I hear it's a good piece, I'd suggest that you find one / rent one and try it out at the range.

:smt1099


----------



## DanP_from_AZ (May 8, 2009)

dondavis3 said:


> I have not shot one yet, but understand from my shooting buddy that they kick like a mule. . . .


 I've posted before about a female friend buying a LCR the same day I bought my S&W 642 Centennial. Both for CCW.

I (we) both like the feel and the trigger of the LCR the best.
I'm not trading my 642 in. It's OK, and I've added CT grips, the "305" short one. The laser helps accuracy big time.

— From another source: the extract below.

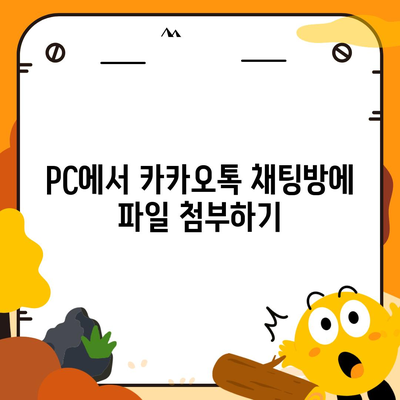 카카오톡 pc버전 채팅방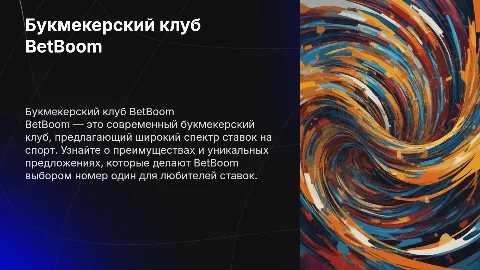 Букмекерский клуб BetBoom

I have a box of .38 Special "Federal Premium Low Recoil". 110 grain HYDRA-SHOK JHP.
Not really a practice round at $24.95 for 20. And, you are obviously giving up energy compared to +P. 
But, a good rule for "bad situations" is to be able to put more than one round on the "target".

I've (we) have put quite a bit of the "same ammo" through both guns at the same time. Including +P.
They BOTH kick like mules compared to my "service semi-auto" in 9mm. They are 13-15 oz. snubbys. She does NOT like +P.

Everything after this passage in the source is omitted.